-------- Data to examine --------
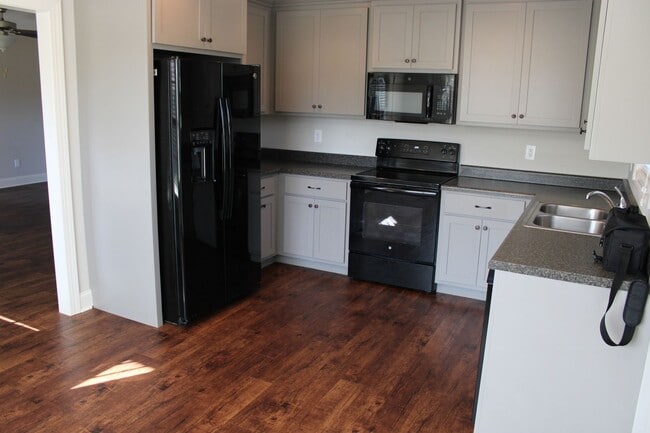 Photo - Athens City - Large Fenced in Backyard!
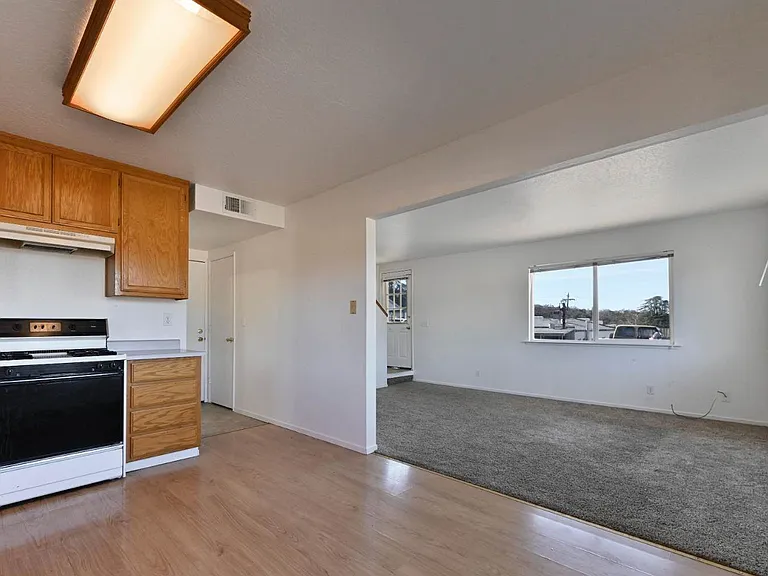 49 Gatewood Ave — Photo 7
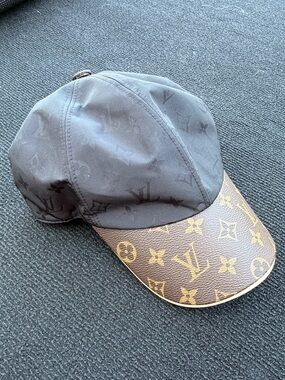 Louis Vuitton Black Cap with Brown Monogram Brim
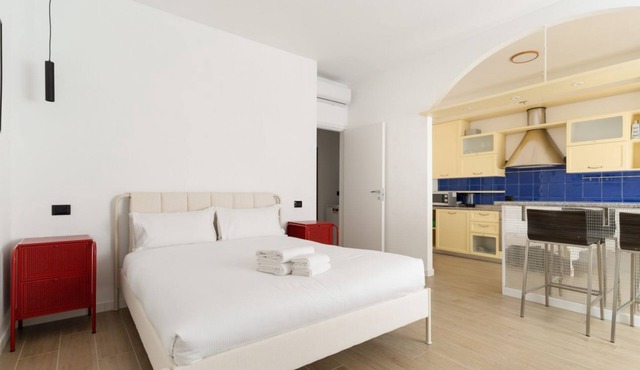 Comfortable 40m2 studio flat, ideal for 3 people, located on the third floor of a building with lift.The accommodation is located a stone's throw from Famagusta, characterized by a strong residential and student vocation, offering a quiet environment, gr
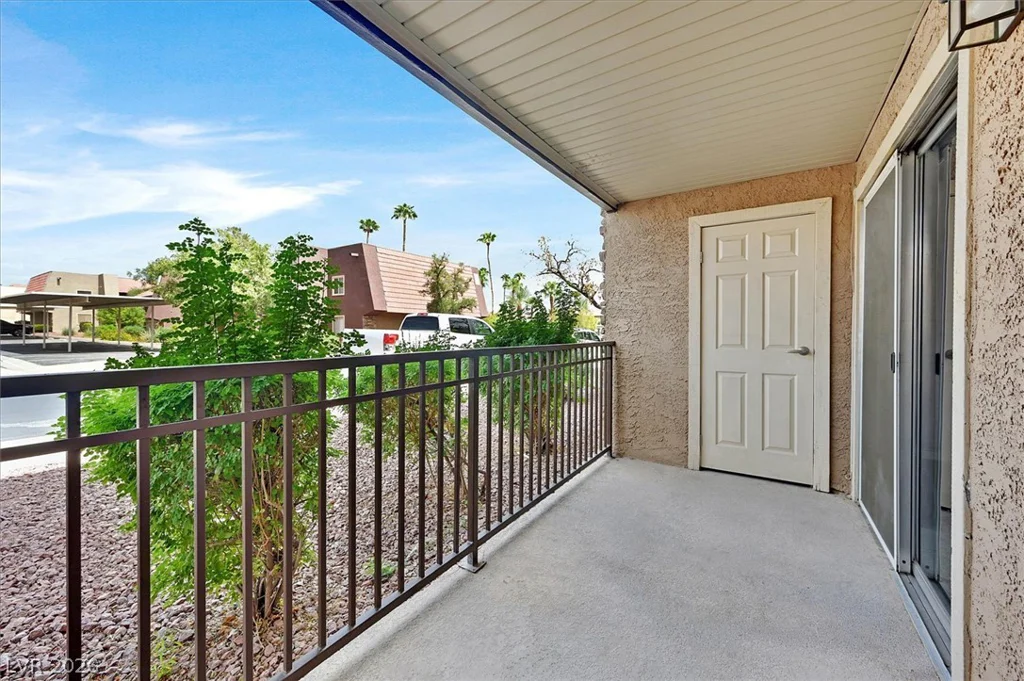 5081 River Glen, Las Vegas, NV 89103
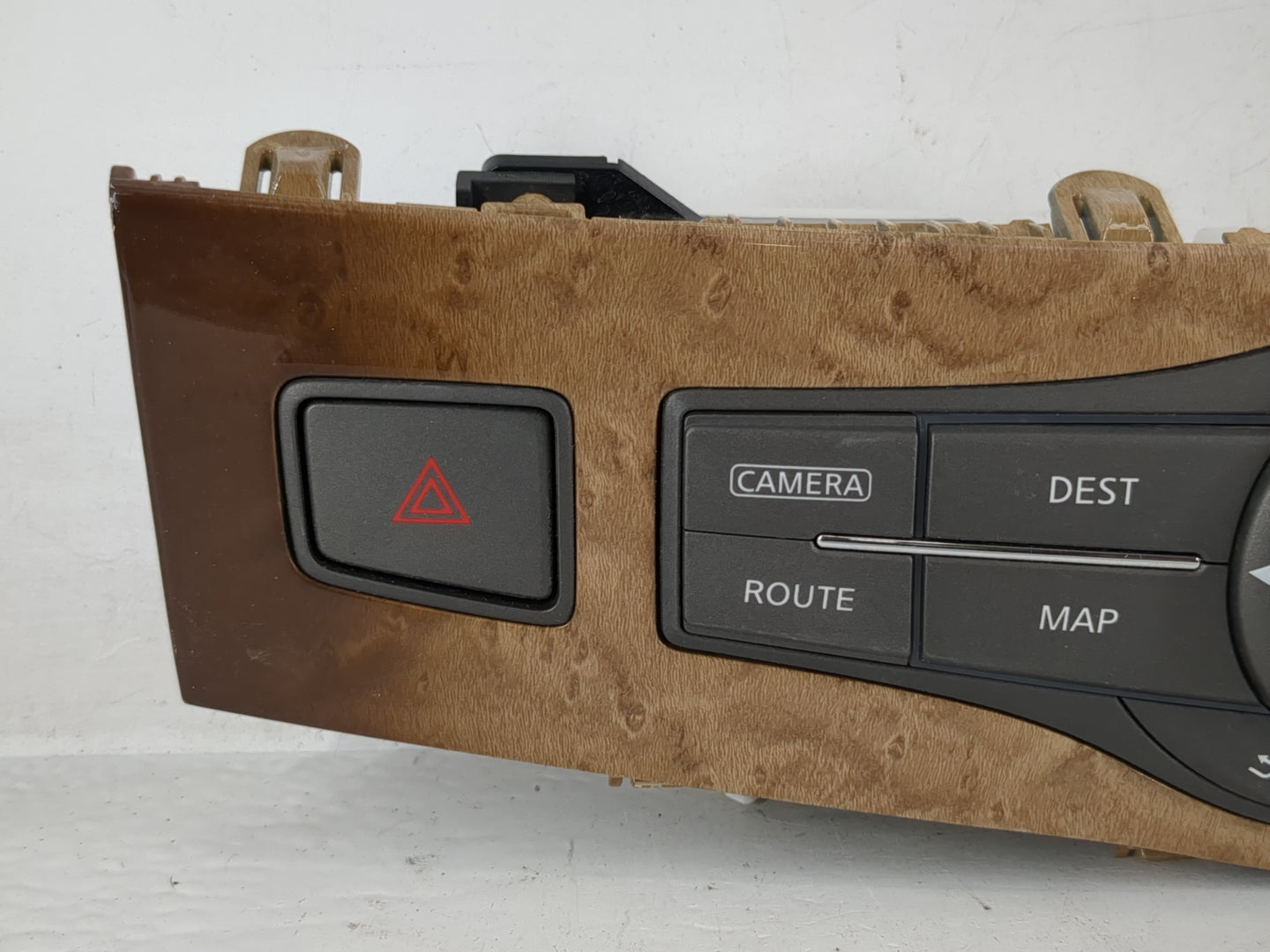 2011 Infiniti Qx56 Radio Control Panel - Oemusedautoparts1.com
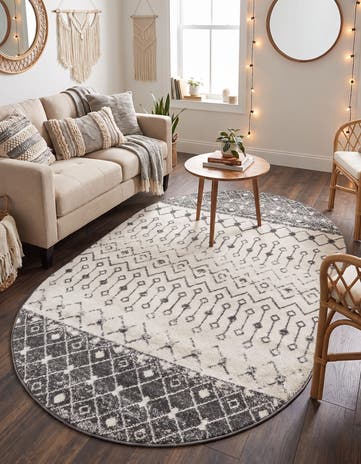 5' 3 x 8' Moroccan Trellis Oval Rug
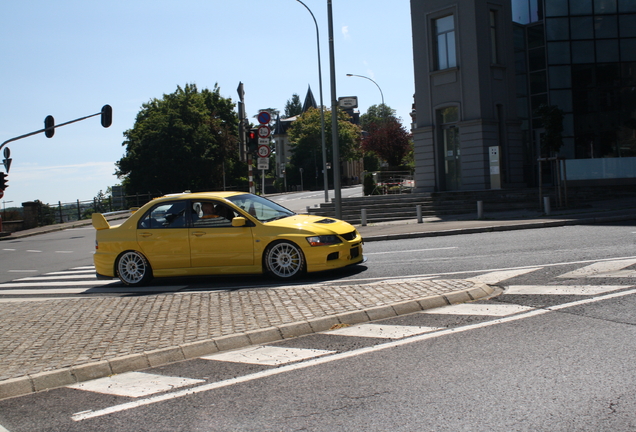 Mitsubishi Lancer Evolution IX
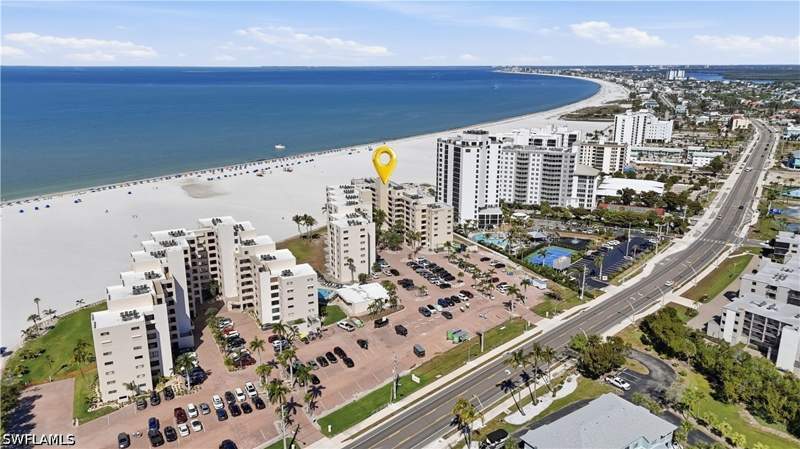 3 bedroom Condominium at 6660 Estero Blvd 502, Sandarac Condo, Fort Myers Beach — photo 2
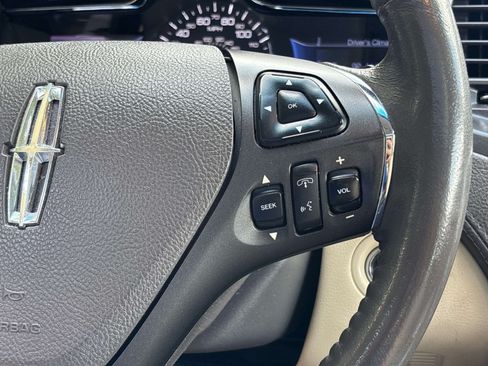 Used 2013 Lincoln MKS FWD image 19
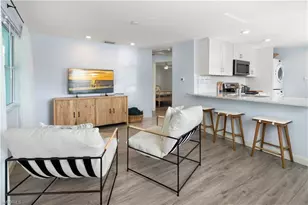 807 106th Ave N, Naples, FL 34108 - Photo 3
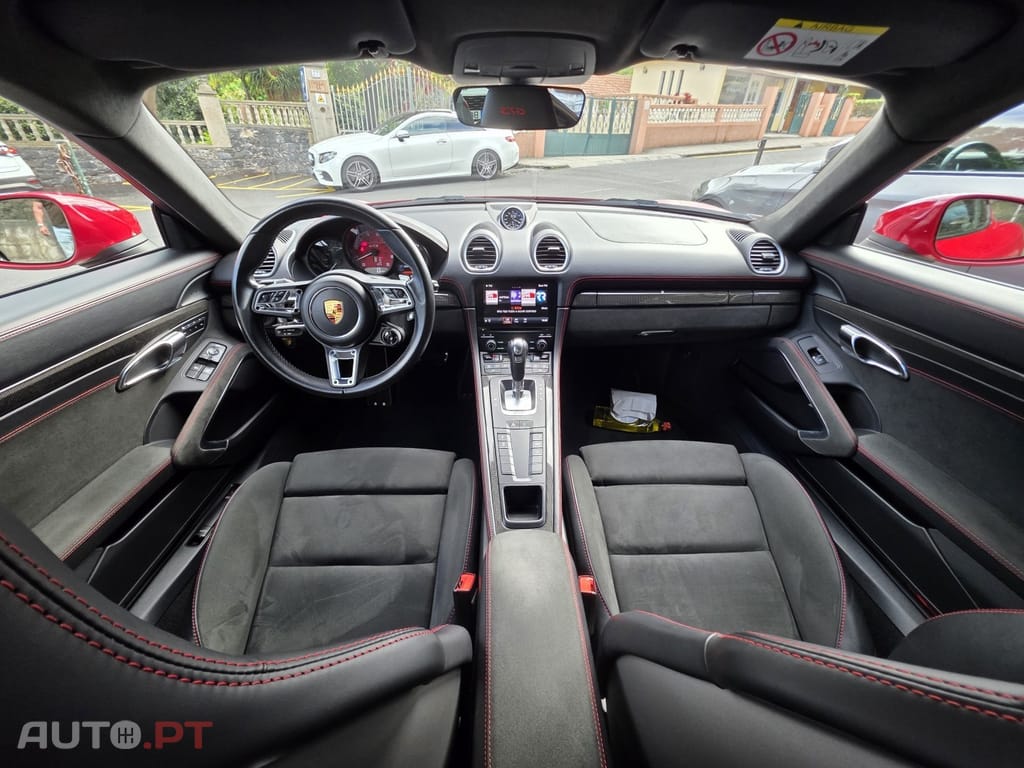 Porsche 718 4.0 GTS PDK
--------
▶ Exercise instructions
Retype each entry above character for character; pictures stay out.

▶ Result of this exercise
 Photo - Athens City - Large Fenced in Backyard!
 49 Gatewood Ave — Photo 7
 Louis Vuitton Black Cap with Brown Monogram Brim
 Comfortable 40m2 studio flat, ideal for 3 people, located on the third floor of a building with lift.The accommodation is located a stone's throw from Famagusta, characterized by a strong residential and student vocation, offering a quiet environment, gr
 5081 River Glen, Las Vegas, NV 89103
 2011 Infiniti Qx56 Radio Control Panel - Oemusedautoparts1.com
 5' 3 x 8' Moroccan Trellis Oval Rug
 Mitsubishi Lancer Evolution IX
 3 bedroom Condominium at 6660 Estero Blvd 502, Sandarac Condo, Fort Myers Beach — photo 2
 Used 2013 Lincoln MKS FWD image 19
 807 106th Ave N, Naples, FL 34108 - Photo 3
 Porsche 718 4.0 GTS PDK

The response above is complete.